**Activity:** The line containing "Anthropologie x Aota", plus every line that follows it to the end of the listing below, is what you transcribe exactly; omit all pictures.

**Data block:**
....................

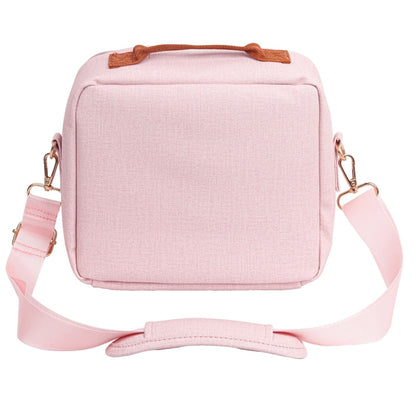 Portable Mini Printer Storage Bag For CP910/1200/1300 (Pink) by bashfashion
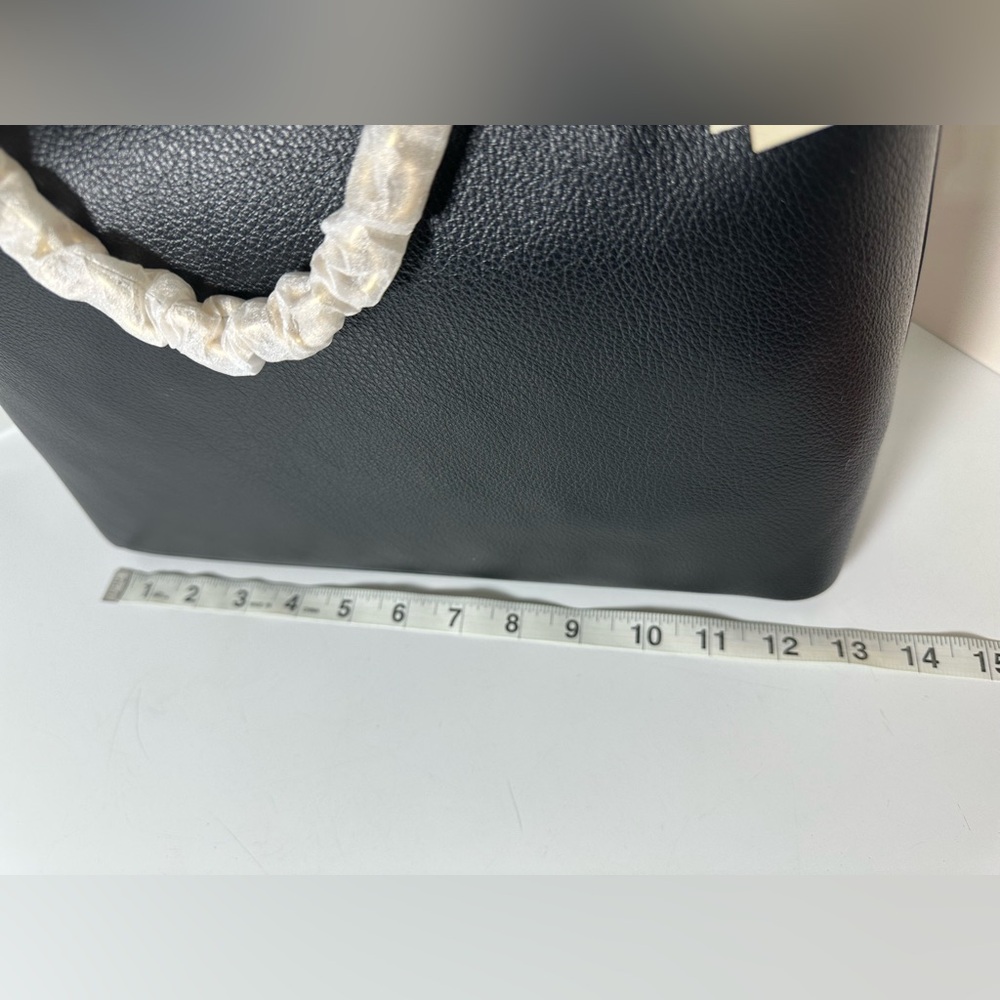 Anthropologie x Aota Darcy Shoulder Bag in Black NWT - Picture 11 of 15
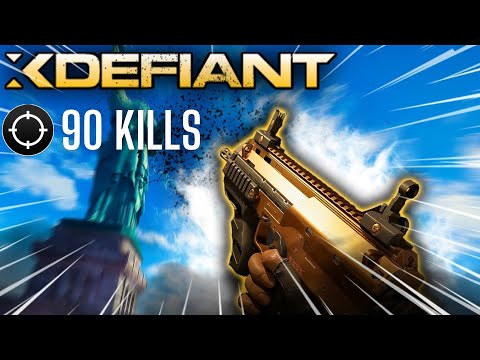 90 KILL'S  In XDEFIANT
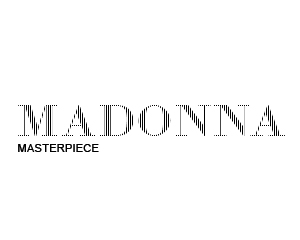 Madonna 2012 logo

....................

**Solution below:**
 Anthropologie x Aota Darcy Shoulder Bag in Black NWT - Picture 11 of 15
 90 KILL'S  In XDEFIANT
 Madonna 2012 logo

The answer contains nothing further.